%%

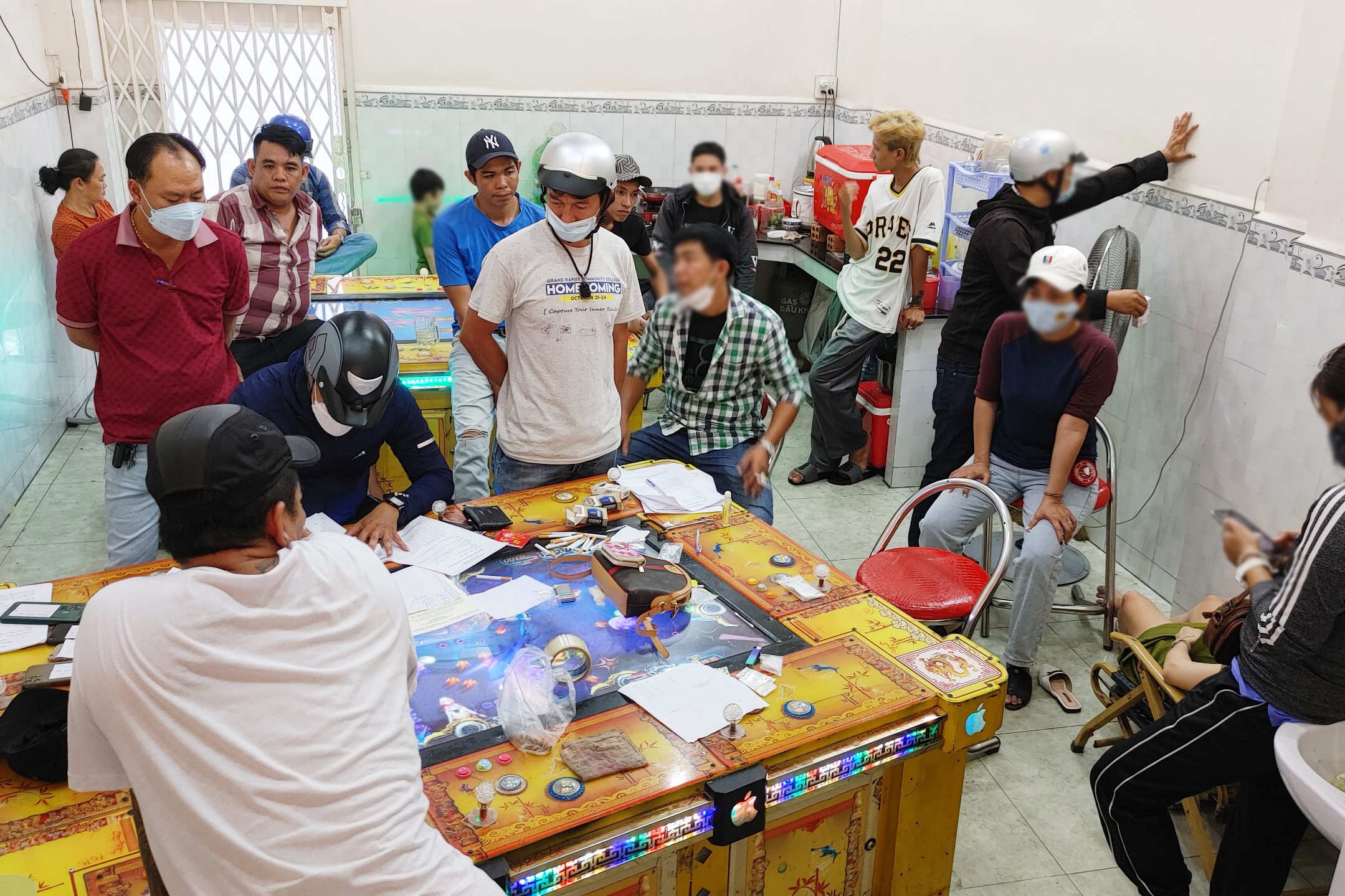Đột kích tiệm game bắn cá, phát hiện nhiều bọc nghi vấn ma túy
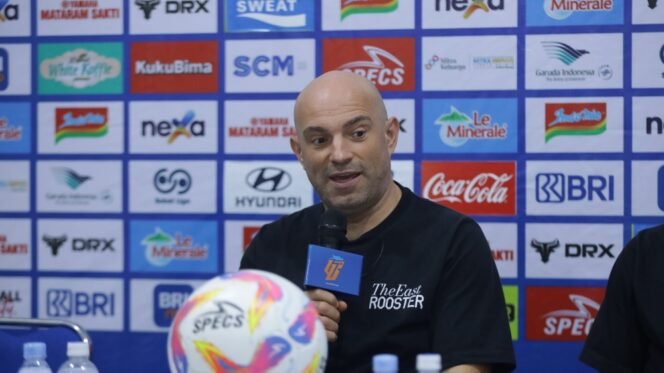 
					Pelatih PSM Makassar, Bernardo Tavares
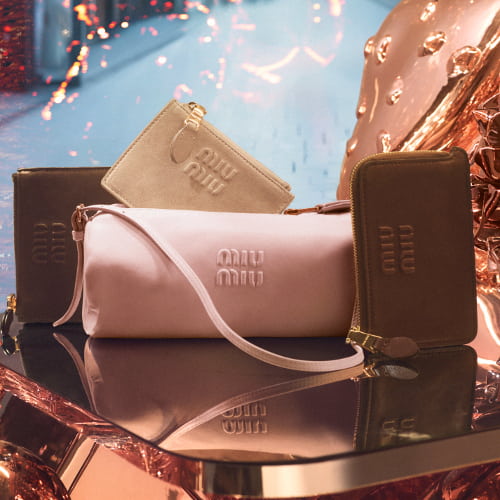 ヴィンテージ風レザーのスモールレザーグッズ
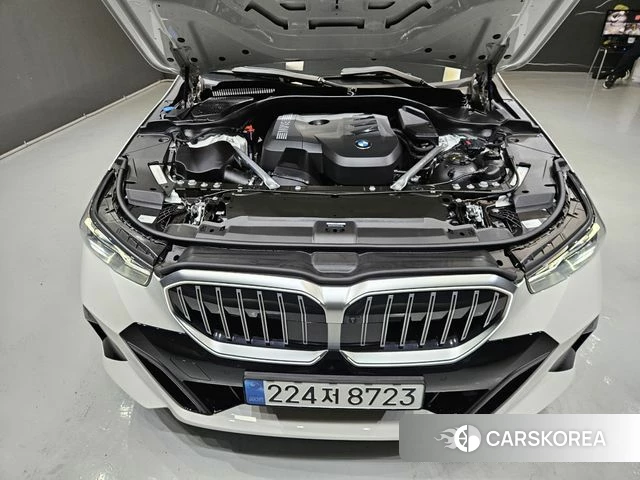 BMW 5 Series (G60) id 4739108 из Кореи 16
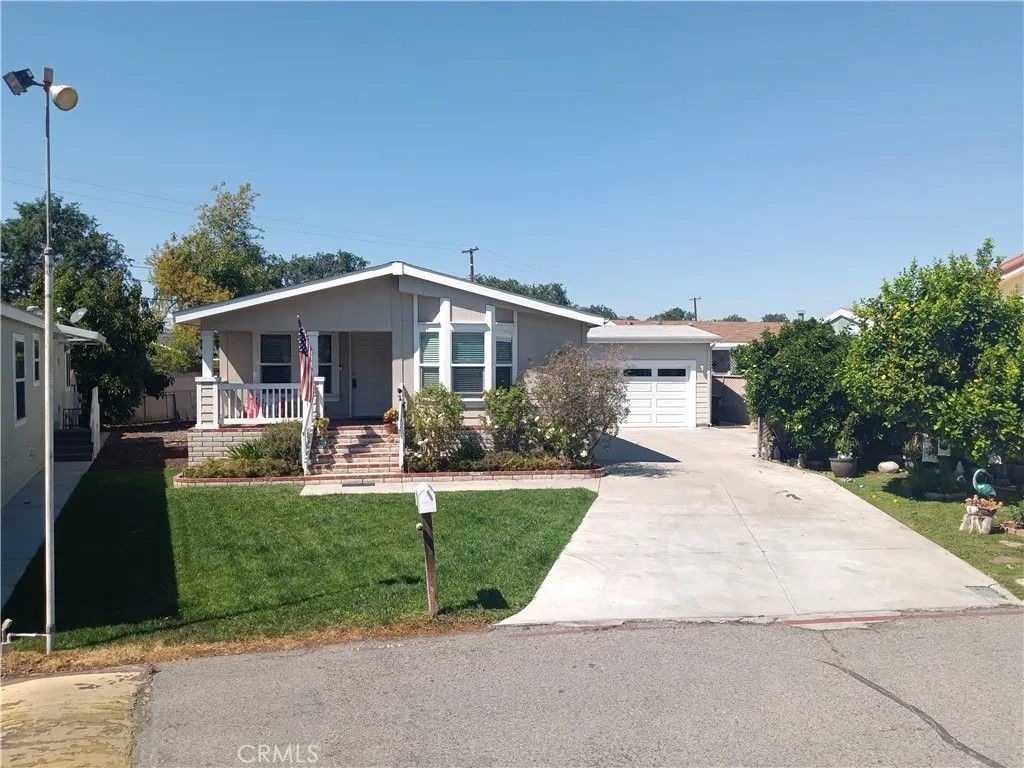 Photo of 7 Pine Via, Anaheim, CA 92801 (MLS # PW26061940)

%%

If a line falls between the one containing "Pelatih PSM Makassar, Bernardo Tavares" and the last line of the records above, inclusive, restate it exactly; leave out the pictures and everything else.

▶ Written reply
					Pelatih PSM Makassar, Bernardo Tavares
 ヴィンテージ風レザーのスモールレザーグッズ
 BMW 5 Series (G60) id 4739108 из Кореи 16
 Photo of 7 Pine Via, Anaheim, CA 92801 (MLS # PW26061940)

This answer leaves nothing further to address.